Traffic jams and other urban problems are not only systemic. They are protocol problems. “To claim that the built environment is full of infrastructurally constrained coordination problems is another way of saying that cities have protocol problems. If protocols are coordination mechanisms supported by infrastructure, then cities are dense clusters of overlapping protocols.”One of the most fresh takes on cities I’ve read since A City is Not a Tree

Ise Jingu and the Pyramid of Enabling Technologies by Brian Potter

Inspired by Ise Jingu, a Japanese shrine that is torn down and rebuilt every 20 years, Potter contends with the importance of preserving process knowledge. “The internet and software is only accelerating this trend: as coordination costs get lower, it becomes easier and easier for companies to use outside services instead of building capabilities internally, concentrating knowledge in fewer and fewer organizations.” Warning: you might get inspired to take up esoteric carpentry and/or other niche craft practices.

Computer Scientist Explains One Concept in 5 Levels of Difficulty (Zero-knowledge Proofs)
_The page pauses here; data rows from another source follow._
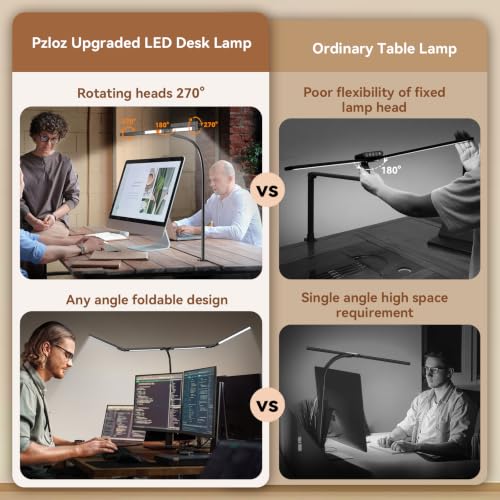 Pzloz Led Desk Lamps for Home Office - Eye Caring Architect Lamp with Clamp, Double Head Computer Monitor Work Desk Light with Remote Control: 24W Flexible Dimmable Desktop Table Lamp - color: Dark Black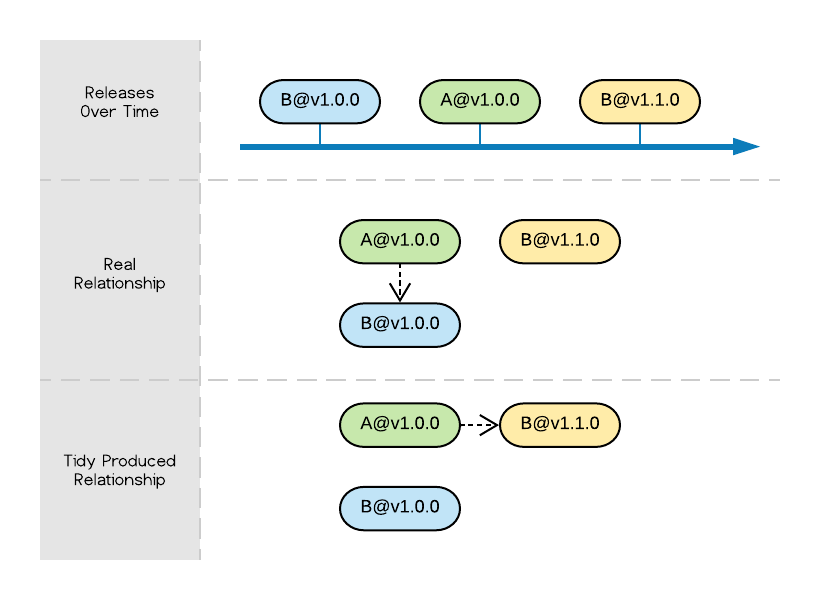 GoCenter Tidy Issue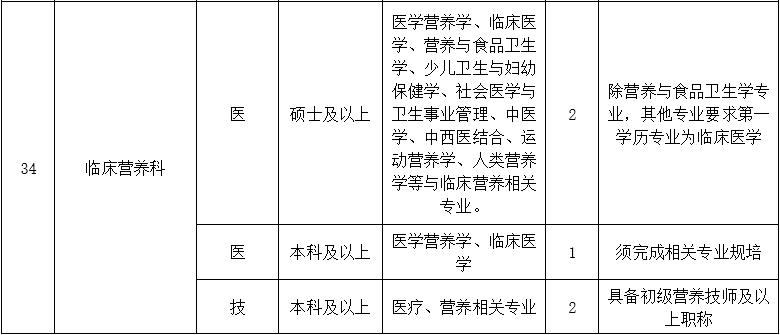 二、醫(yī)技藥研護崗位5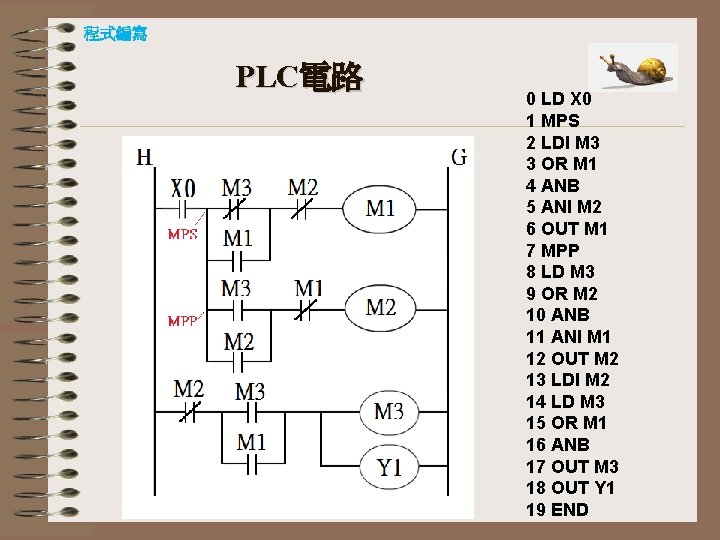 程式編寫 PLC電路 0 LD X 0 1 MPS 2 LDI M 3 3 OR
Zkps blow my mind. They’re some of the closest technology I’ve seen to magic. For the uninitiated, a zero-knowledge proof “is a method by which one party (the prover) can prove to another party (the verifier) that a given statement is true, while avoiding conveying to the verifier any information beyond the mere fact of the statement's truth.” I think we’ll see interesting applications for these in the next few years.

Ignorance, a skilled practice by Sarah Perry 

The essay that gave me permission to ignore things. Ignorance is not only bliss; it’s sometimes a virtue.

Sarah Perry should also probably get the credit as the writer who has most influenced me to want to become a writer myself. You’ll find more of her on Ribbonfarm.